Ray had issued a statement after the university reviewed the case, saying in part it would “welcome all educationally qualified students, including those rehabilitated from past crimes.”

In his interviews with The Times, Heimlich said that he had not talked about his case with Casey before his plea went public. “It is my job to report to the local law enforcement,” he said. “If that didn’t get conveyed to the university then I would not know, I was not a part of that.”

When the initial report about him was published, the immediate question was whether Heimlich would stay on the team, which was advancing in the N.C.A.A. tournament.

Ray, the Oregon State president, supported Heimlich’s voluntary withdrawal from the team last season. He also left the door open for a return. “If Luke wishes to do so,” he said in a written statement at the time, “I support him continuing his education at Oregon State and rejoining the baseball team.”

Heimlich would have turned professional if he could have. More than 1,200 players were chosen in last summer’s major league draft, but Heimlich, who was eligible for selection, was not one of them — though he had once been projected to be a high pick.

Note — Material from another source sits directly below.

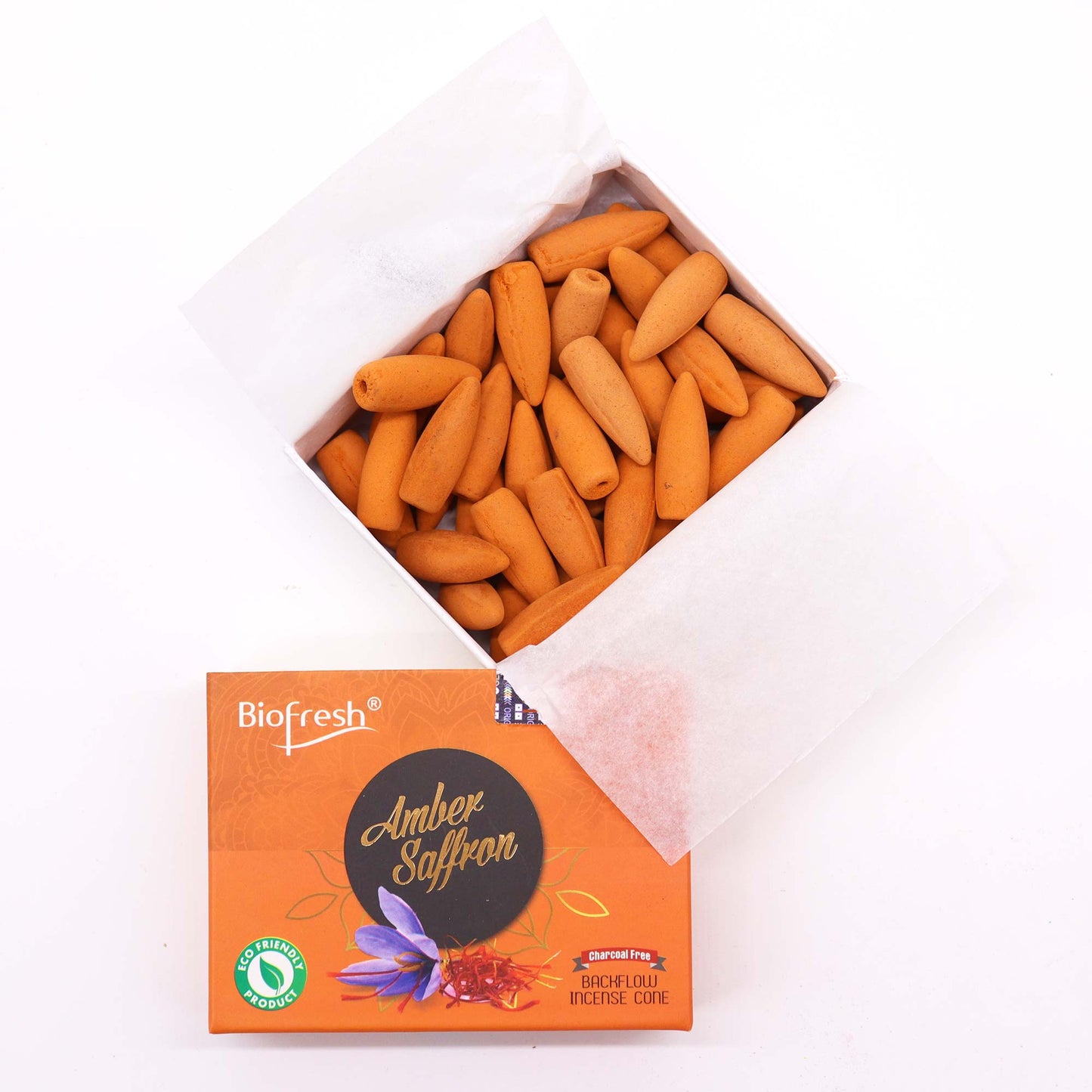 Cônes d'Encens à Reflux Biofresh (40 cônes) - Ambre Safran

So, with the goal still to make the majors, he returned to the Oregon State team this year.

He has dominated the mound, but not quite as overwhelmingly as before. Last year his pitches were nearly unhittable: his 0.76 earned run average was among the lowest in college baseball. This year, though he is 11-1, that number hovers around 3.00.

Cheers in Corvallis

In Corvallis, where baseball players are treated with the reverence many universities save for football players, Heimlich remains deeply respected among fans.

At Goss Stadium, as Heimlich pitched in the game against Arizona State, support was obvious. Most fans stood adamantly behind him.

Some said they had quit paying attention to the Heimlich story after February, when the university announced a policy some called the Heimlich Rule. It requires recently accepted and continuing students to reveal any felony convictions, or sex offender status. Those with criminal backgrounds will have their admissions reviewed.

Others said they had given lengthy consideration to the case and had decided juvenile crimes should be forgiven — even the most heinous — once justice, and in some instances prison time, has been served.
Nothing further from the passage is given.